▸ **Assigned task**: Stop after the line that contains "Dost ülkeden Türkiye'ye". Until then, retype each line of the entries exactly from the first one, skipping pictures.

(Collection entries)
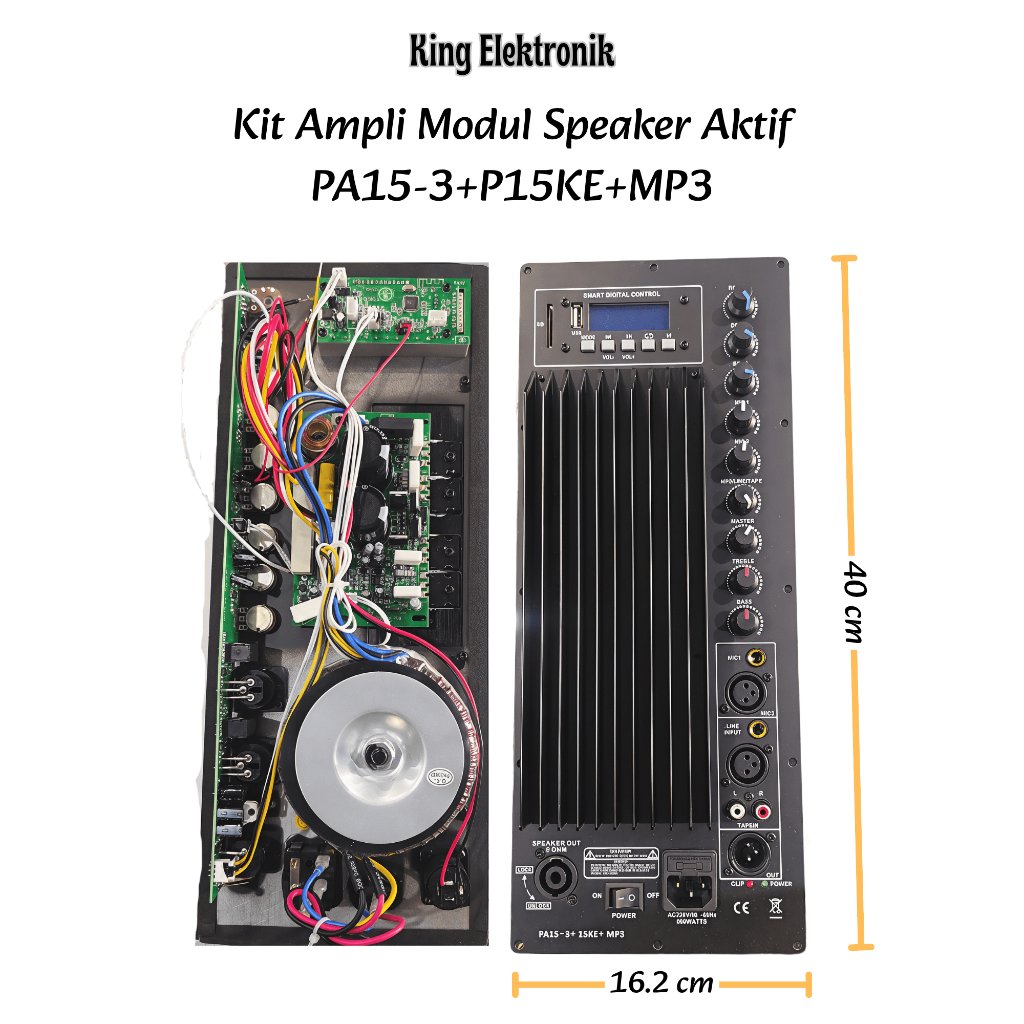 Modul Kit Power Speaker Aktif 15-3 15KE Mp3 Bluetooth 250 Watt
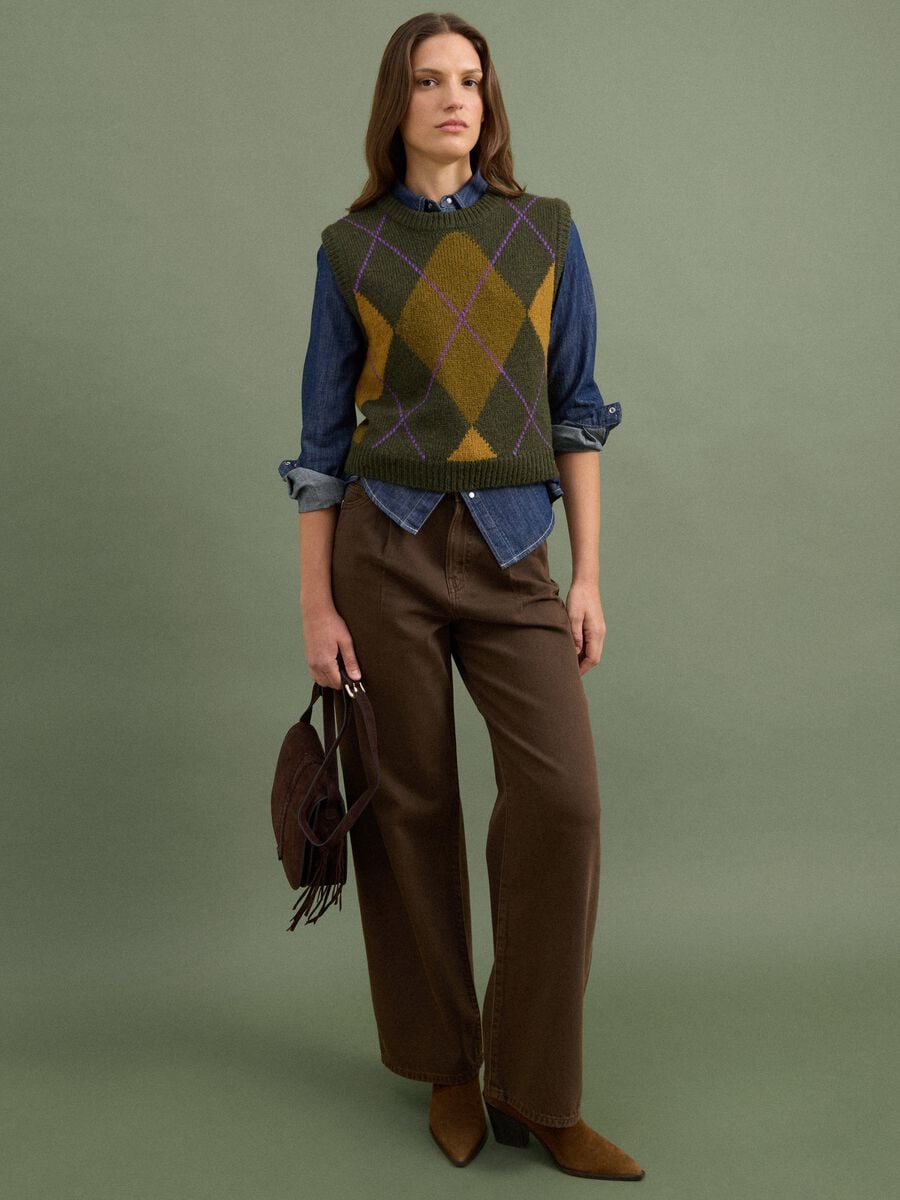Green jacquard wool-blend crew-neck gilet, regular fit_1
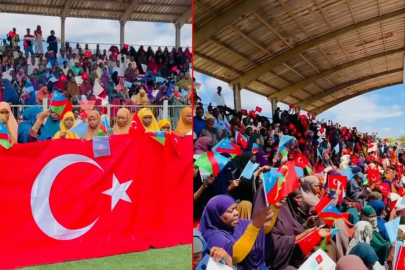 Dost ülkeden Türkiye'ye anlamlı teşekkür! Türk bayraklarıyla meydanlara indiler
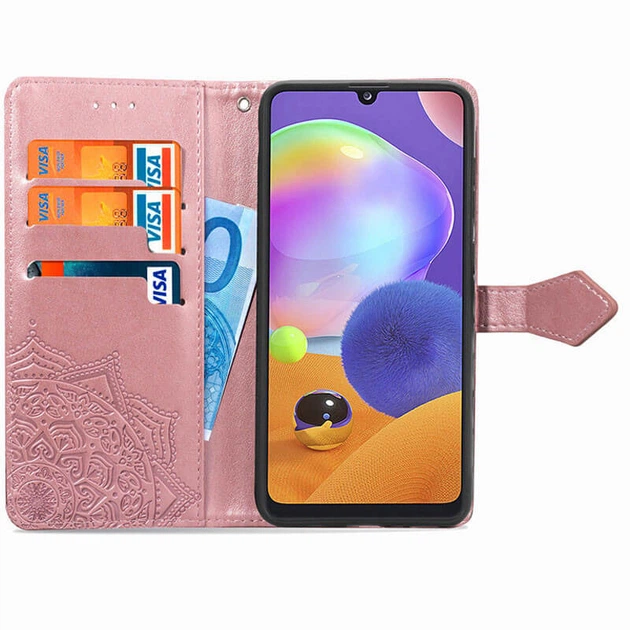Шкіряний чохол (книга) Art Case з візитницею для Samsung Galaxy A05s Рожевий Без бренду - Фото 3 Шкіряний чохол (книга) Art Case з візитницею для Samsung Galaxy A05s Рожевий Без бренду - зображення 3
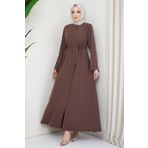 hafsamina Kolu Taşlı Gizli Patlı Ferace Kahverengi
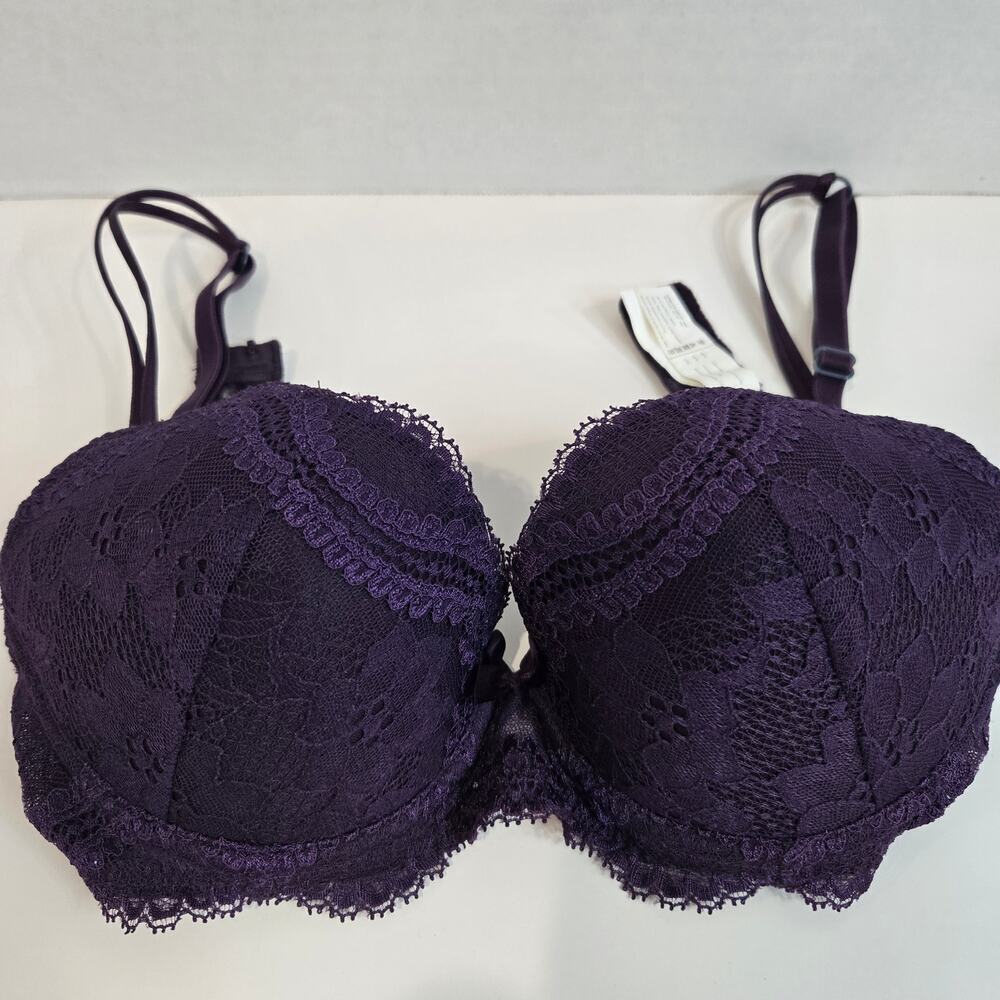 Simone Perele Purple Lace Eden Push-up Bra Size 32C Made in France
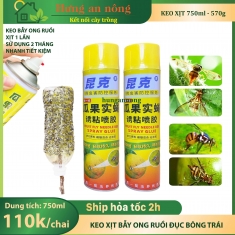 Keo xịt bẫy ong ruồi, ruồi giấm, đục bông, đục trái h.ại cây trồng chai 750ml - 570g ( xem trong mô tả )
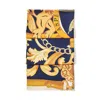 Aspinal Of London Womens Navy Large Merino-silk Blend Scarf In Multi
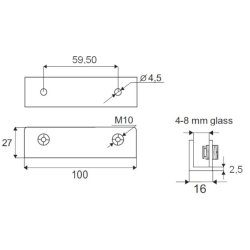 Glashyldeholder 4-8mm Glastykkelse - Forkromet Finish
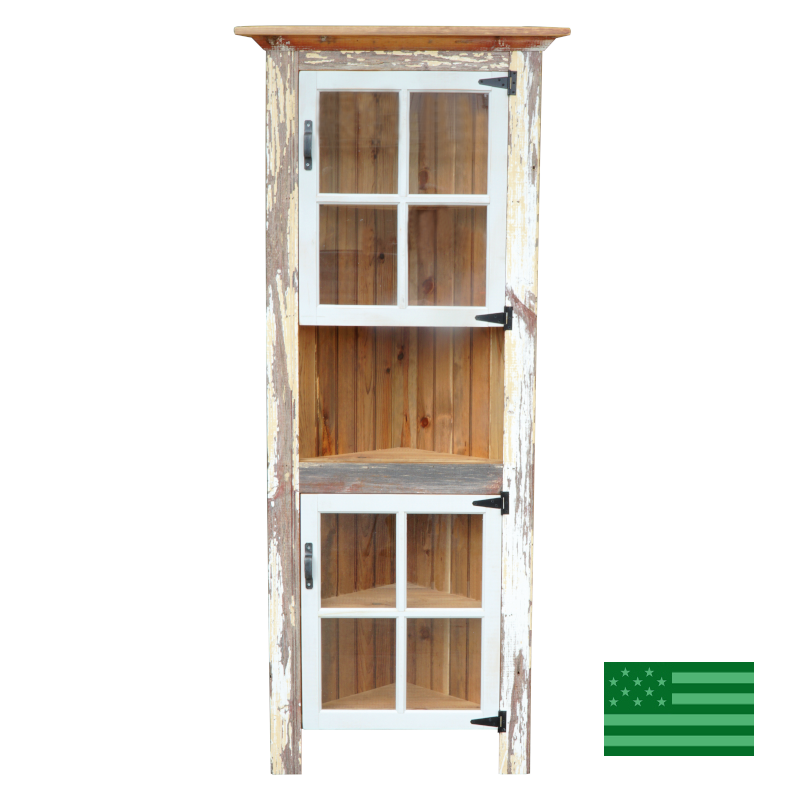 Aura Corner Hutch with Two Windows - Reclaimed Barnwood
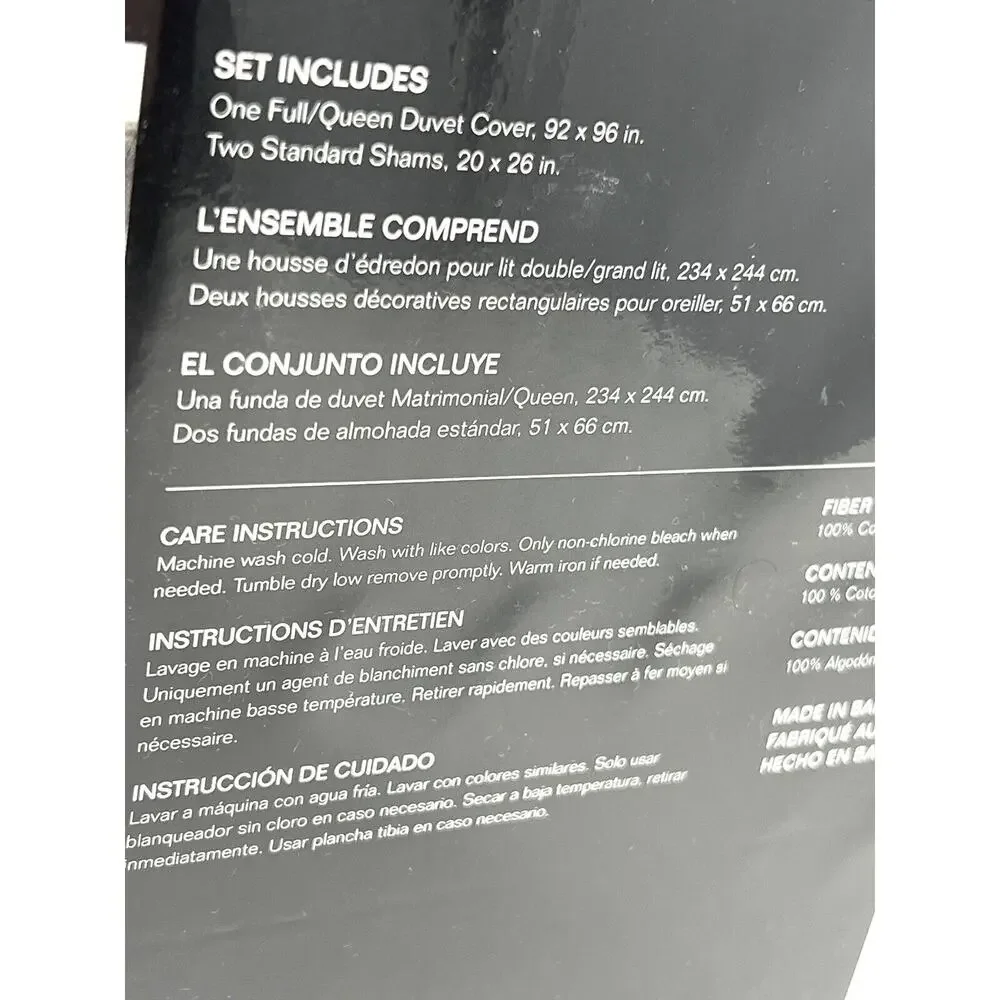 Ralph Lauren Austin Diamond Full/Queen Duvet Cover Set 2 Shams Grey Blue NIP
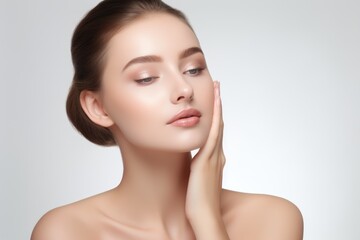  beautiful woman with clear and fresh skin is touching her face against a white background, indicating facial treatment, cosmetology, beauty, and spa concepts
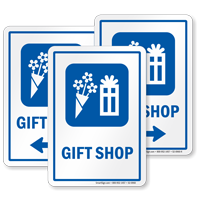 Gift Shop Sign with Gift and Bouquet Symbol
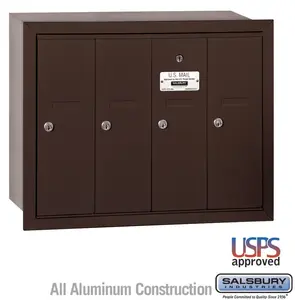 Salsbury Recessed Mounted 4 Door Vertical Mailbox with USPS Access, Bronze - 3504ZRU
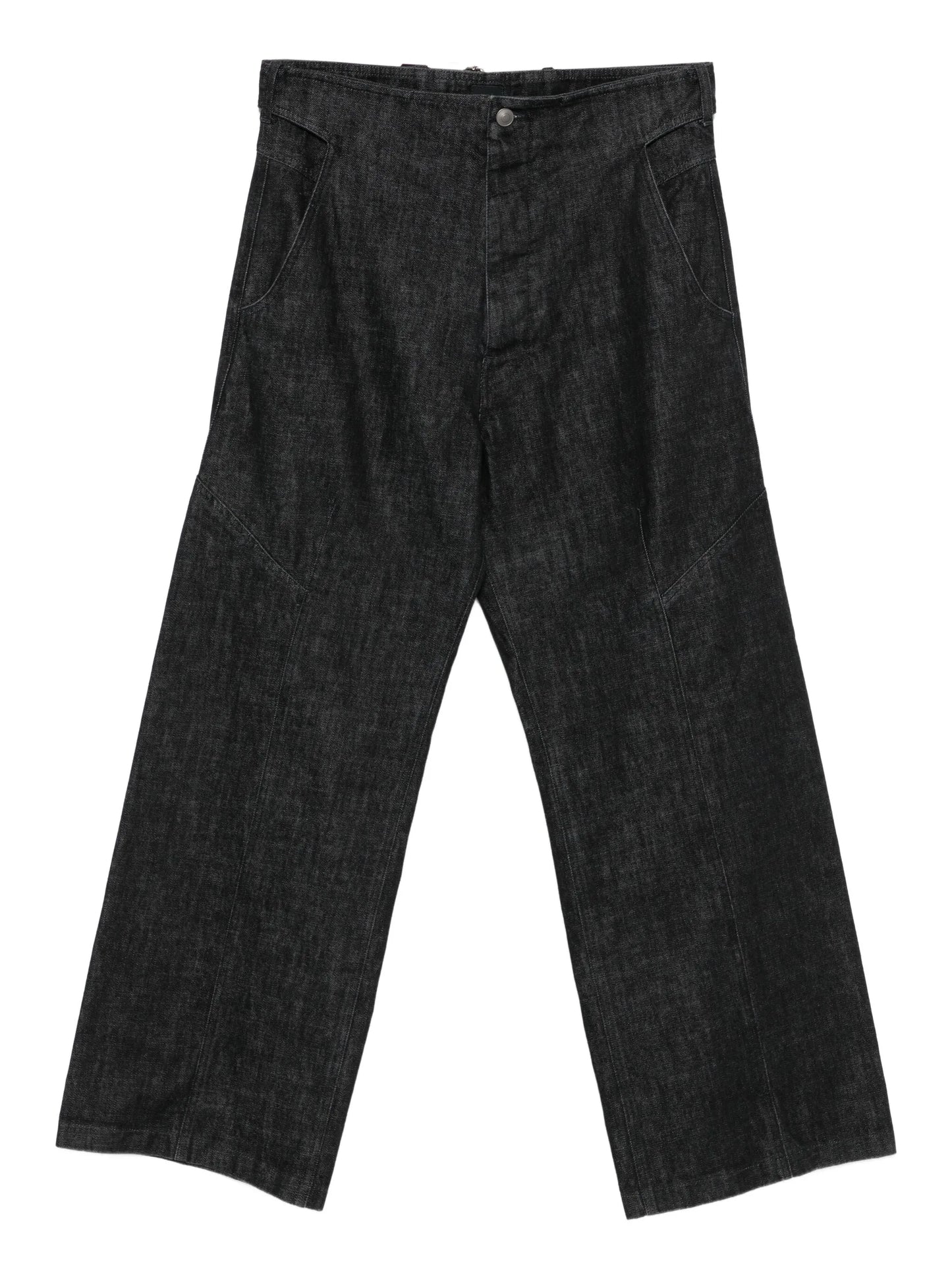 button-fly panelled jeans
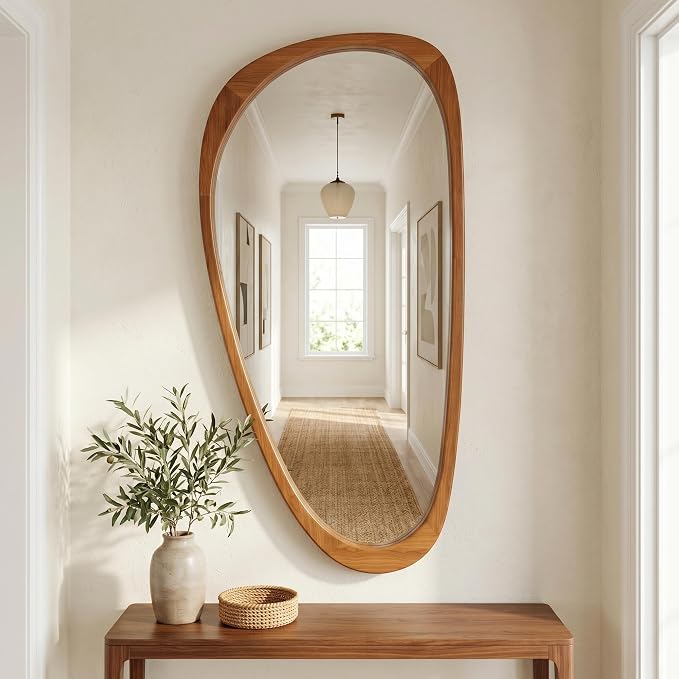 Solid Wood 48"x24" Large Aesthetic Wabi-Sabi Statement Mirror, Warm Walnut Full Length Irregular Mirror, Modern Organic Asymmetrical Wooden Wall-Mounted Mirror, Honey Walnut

▸ **Answer below**:
 Modul Kit Power Speaker Aktif 15-3 15KE Mp3 Bluetooth 250 Watt
Green jacquard wool-blend crew-neck gilet, regular fit_1
 Dost ülkeden Türkiye'ye anlamlı teşekkür! Türk bayraklarıyla meydanlara indiler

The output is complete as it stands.